Redécouverte de Dryopteris remota dans le département du Rhône !

Dryopteris remota (A.Braun ex Döll) Druce, 1908, la Fougère à pennes espacées, est un ptéridophyte rare en France métropolitaine. Elle est connue des massifs vosgien et jurassien, du Massif central, de la Haute-Savoie et du sud-ouest de la métropole de Lyon. D’affinité boréo-montagnarde, cette espèce possède une répartition euro-caucasienne et s’observe à des altitudes variant de 50 à 1400 mètres.
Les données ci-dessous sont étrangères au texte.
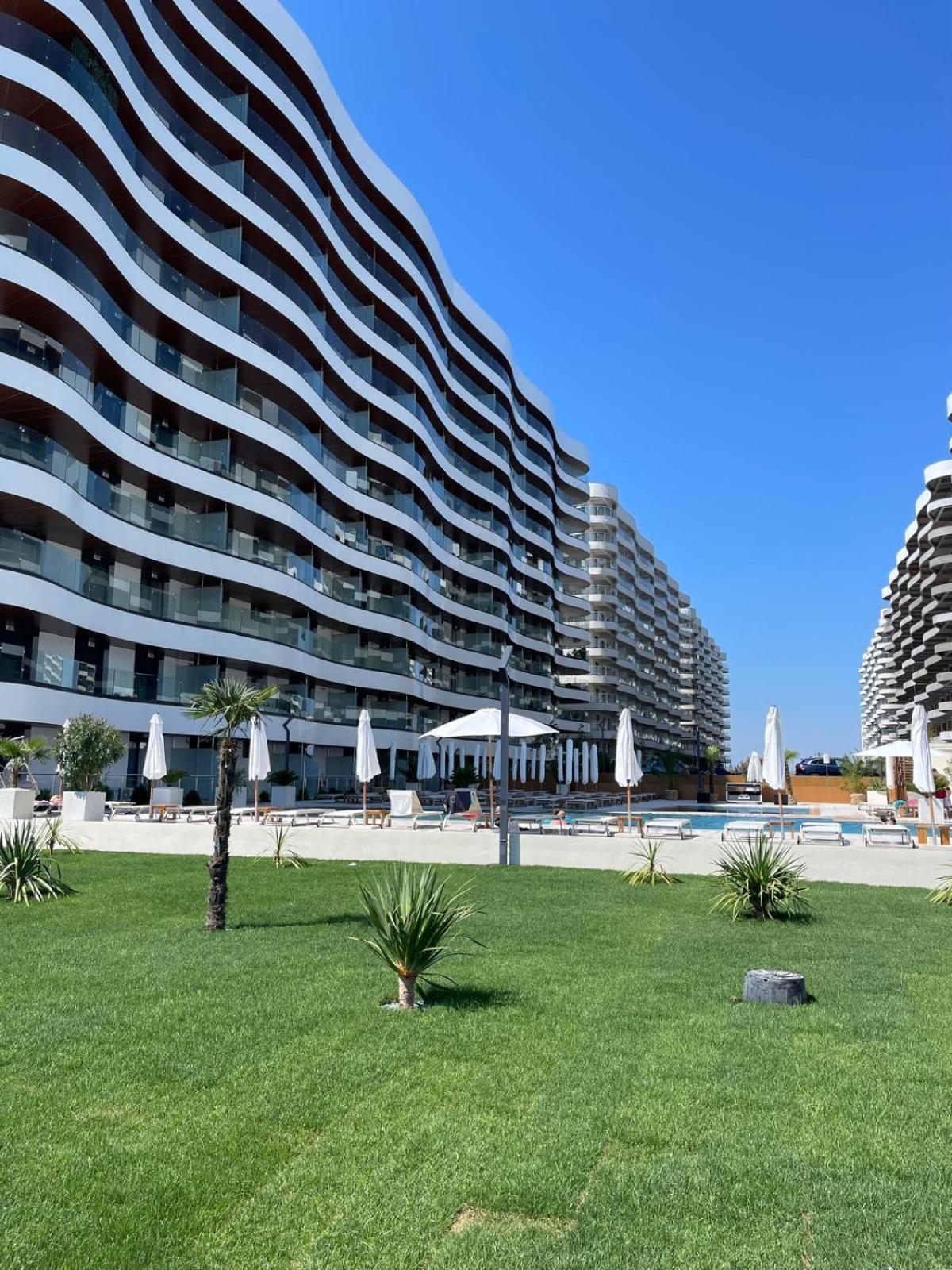 Del Mar Vista Lägenhet Mamaia Exteriör bild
Se développant aux abords de ruisseaux ou de sources, dans des milieux à forte hygrométrie ambiante, on l’observe sur notre territoire en sous-bois herbacés acidiphiles sur un substrat souvent frais à humide, au sein de Hêtraies-sapinières ou encore dans des Aulnaies-frênaies. Morphologiquement proche de Dryopteris carthusiana (Vill.) H.P.Fuchs, 1959, la Fougère des Chartreux, qui est commune, elle s’en différencie toutefois aisément par ses frondes semi-persistantes en hiver et par la tâche noire qui se situe sur la face inférieure de la penne, au niveau de l’insertion sur le rachis.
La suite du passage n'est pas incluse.